The idea that you could ever make it illegal to see family, especially family that may be ill with a life-limiting illness and not have long left, is just crazy. How can the government tell me I cannot see those that I love. It's dystopian. But if you disagree with it then you're cruel and heartless - as if believing people shouldn't be allowed to see their families isn't cruel and heartless?
This is a good point. Rightly or wrongly my siblings and I continue to visit my elderly, shielding mother every other day. There is no law that would make us stop or limit visits to one sibling. However for her sake we visit one by one, so we’re complying as much as makes sense in our circumstances.
Plbrookes · 31/10/2020 08:24

@LakieLady
So COVID is a hoax that the world is going along with so the UK government can avoid embarrassment about the economic impact of Brexit?

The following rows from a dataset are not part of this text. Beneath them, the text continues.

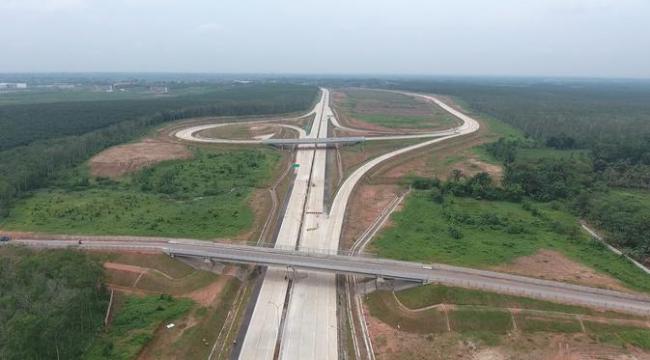 Penampakan Kerennya Tol Trans-Sumatera dari Udara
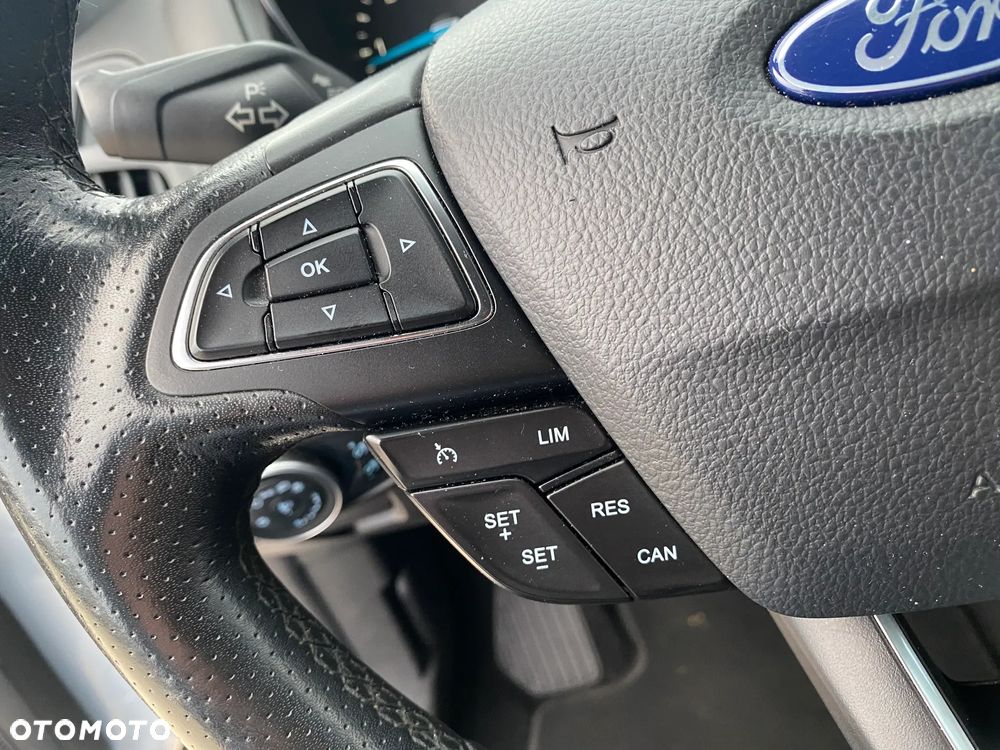 Ford Focus 1.5 EcoBlue Start-Stopp-System ST-LINE - 24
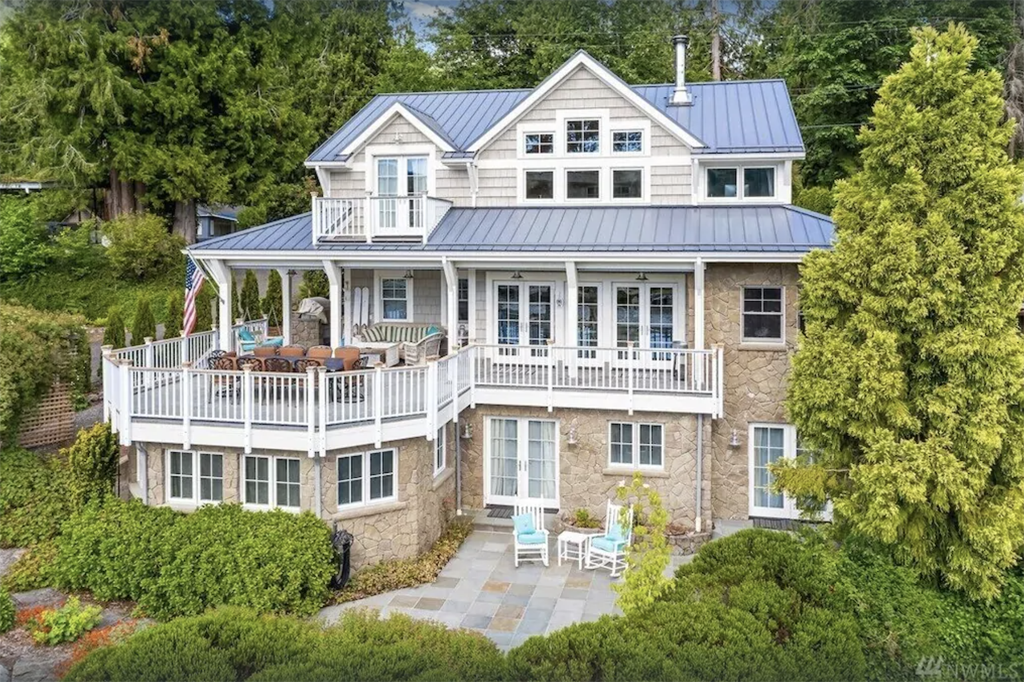 big house on Lake Sammamish in Bellingham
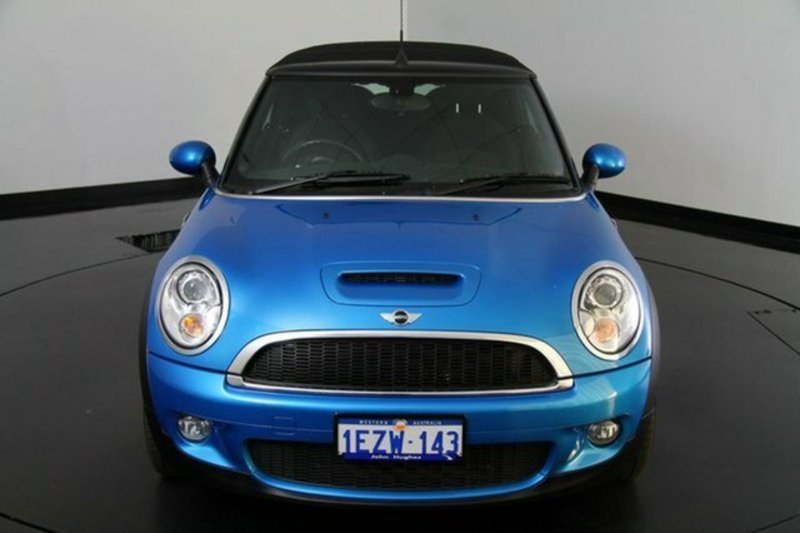 2010 MINI Cabrio Cooper S Chilli Steptronic R57 MY10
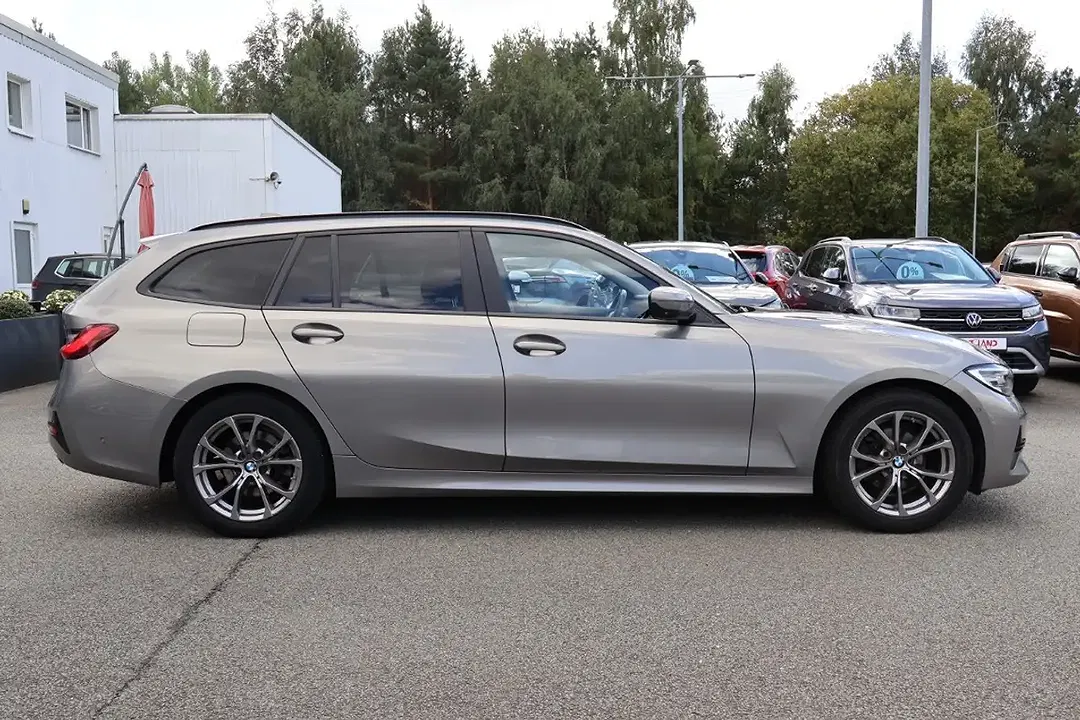 BMW 318 - Thumbnail 7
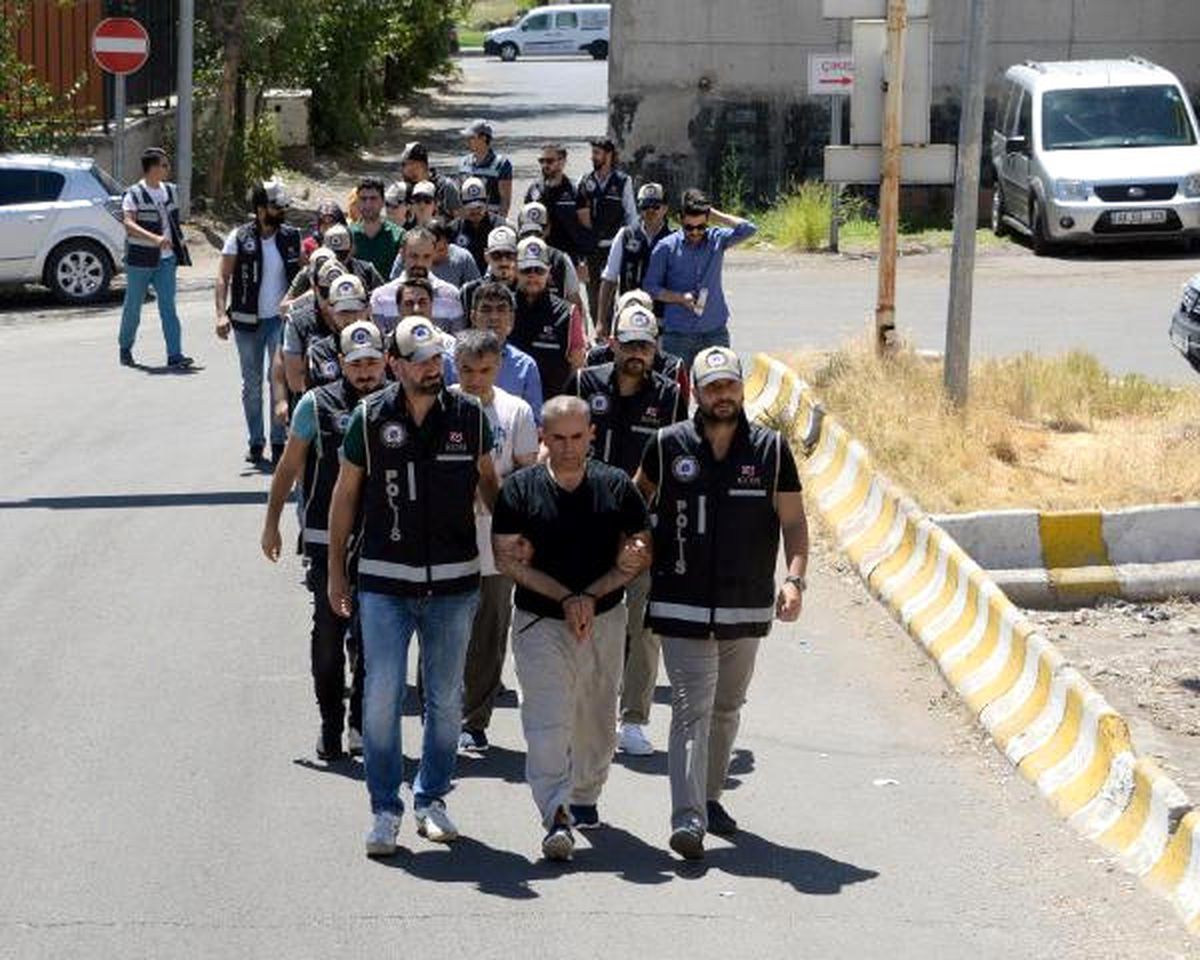 Diyarbakır'daki 4 Gaybubet Evinde 9 Fetö'cü Yakalandı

That's your view?

VikingVolva · 31/10/2020 08:45

I think the UK will be studied as an example of ineffective propaganda

The contrasting examples will be authoritarian regimes who were prepared to use state power to impose strong restrictions (China), the geographically fortunate (New Zealand), the experienced from flu and SARS1 and well educated (Taiwan and Hong Kong), those who could rely on population consent and compliance (Germany).

TicTacTwo · 31/10/2020 13:05

*Flinging billions at companies like Deloittes and Serco has meant that they've lined the pockets of their chums very nicely.

And it's muddied the waters beautifully for the fallout from Brexit. It'll be down to Covid now.

Disaster capitalists will be rubbing their hands with glee and this government is both capitalist and a disaster.*

I reckon this is why Cummings hasn't left- he needs taxpayers to pay for the AI firms that he is linked with.

Angryresister · 31/10/2020 13:16

Ineffective propaganda more like.

Yellownotblue · 31/10/2020 15:37

@Ethelfleda, I don’t agree at all. First of all, I think you will find that the “powerful business interests” were very much opposed to various steps that were taken by the government (eg lockdown, tiers, FCO travel advisories, guidance against travel etc).

Secondly, there is a difference in nature, not just in degree, between 3rd Reich propaganda and the Covid public information campaigns. There are public info campaigns against smoking, against junk food, against drink driving, against unsafe sexual practices - are these also worthy of Nazi comparisons? Why is Covid singled out as being like the 3rd Reich?

It’s like comparing apples and moth balls. The comparison is so remote that it doesn’t bring anything to the debate. It elicits a skin reaction, because who wants to be compared to Hitler? So I’d argue that the 3rd Reich comparison is itself the attempt to shut down the debate with emotive language, which is why it is so unhelpful.

Of course, it also ignores the barbaric murder of millions by Nazis, and as such it is very insensitive.